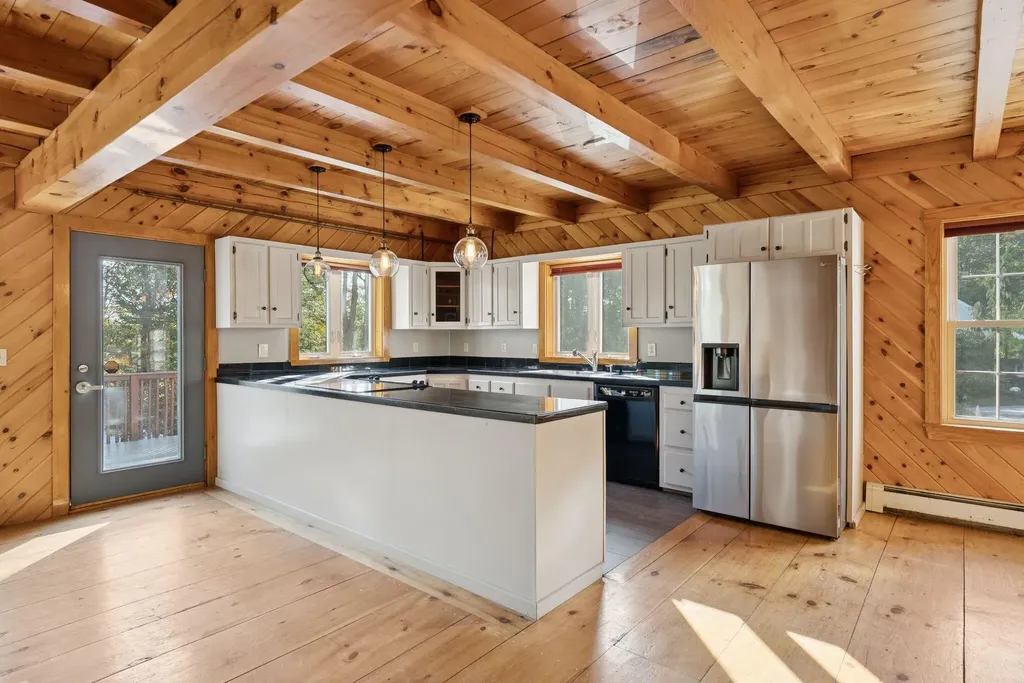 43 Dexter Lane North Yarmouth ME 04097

· · · ·

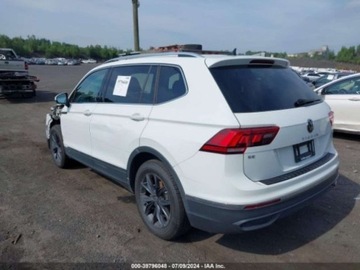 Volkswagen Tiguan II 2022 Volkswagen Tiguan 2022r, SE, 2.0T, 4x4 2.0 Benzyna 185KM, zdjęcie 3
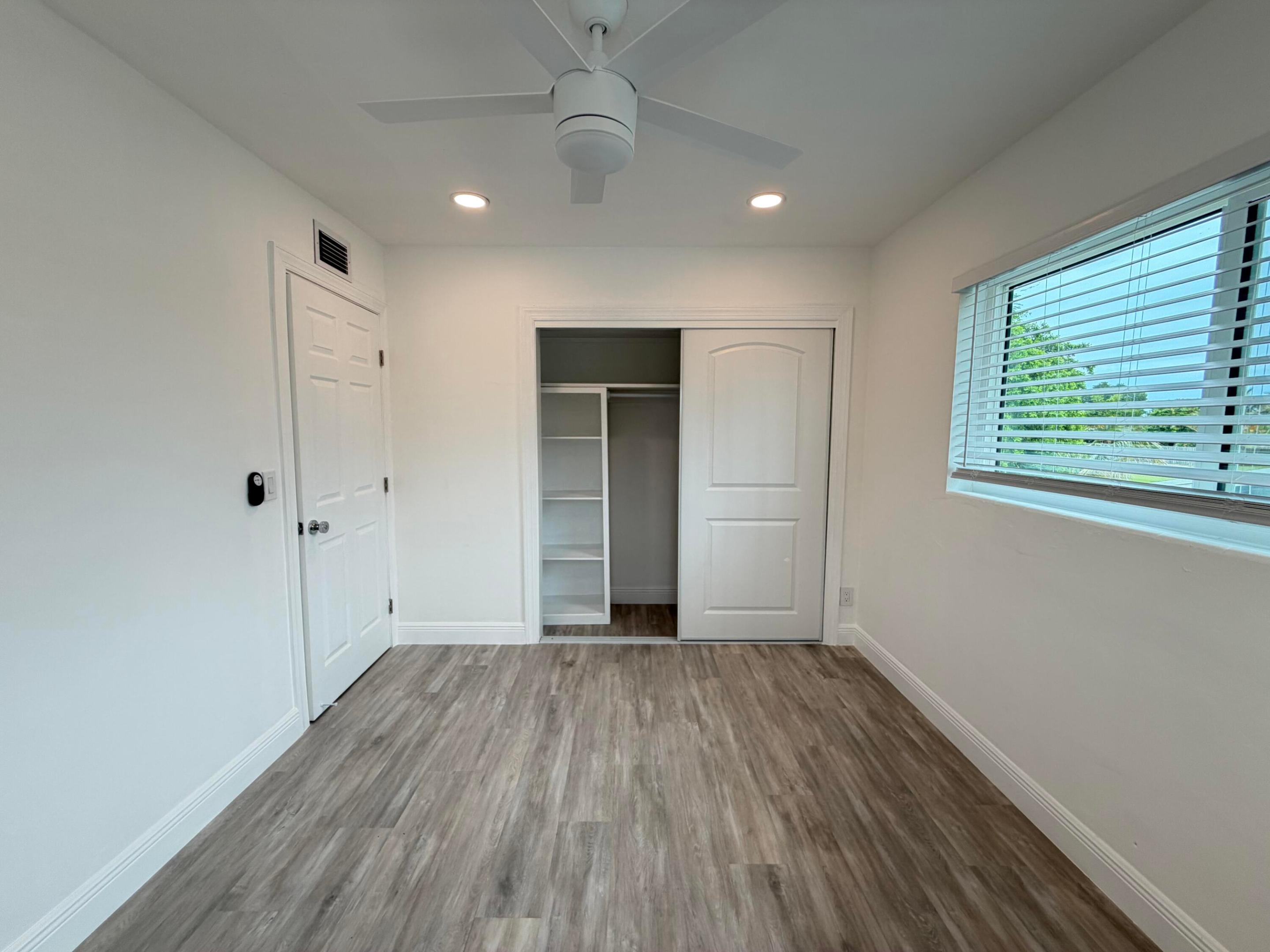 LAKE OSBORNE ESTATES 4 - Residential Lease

· · · ·

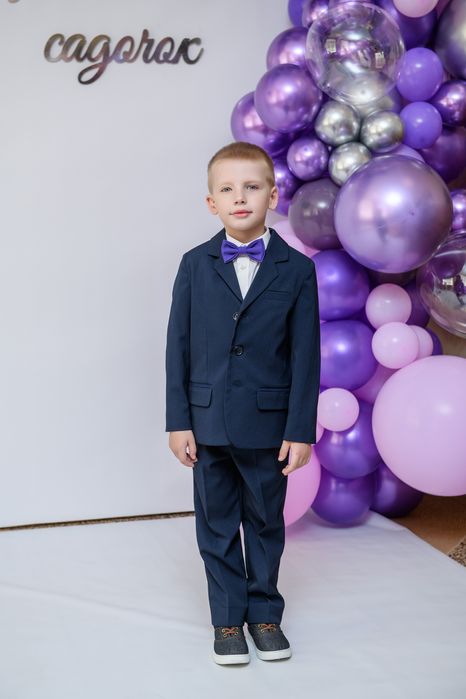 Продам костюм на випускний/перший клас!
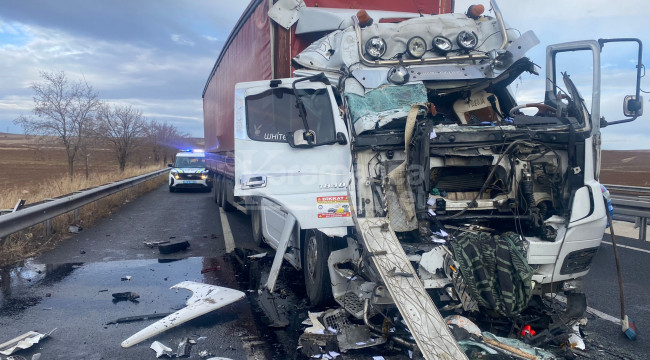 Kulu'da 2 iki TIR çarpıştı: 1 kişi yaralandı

· · · ·

*Action item*
The lines above starting at the one that holds "Продам костюм на випускний/перший клас!" and ending at the one that holds "Kulu'da 2 iki TIR çarpıştı: 1 kişi yaralandı" are to be written out exactly, ends included, and no pictures are to be copied.

*Expected answer*
 Продам костюм на випускний/перший клас!
 Kulu'da 2 iki TIR çarpıştı: 1 kişi yaralandı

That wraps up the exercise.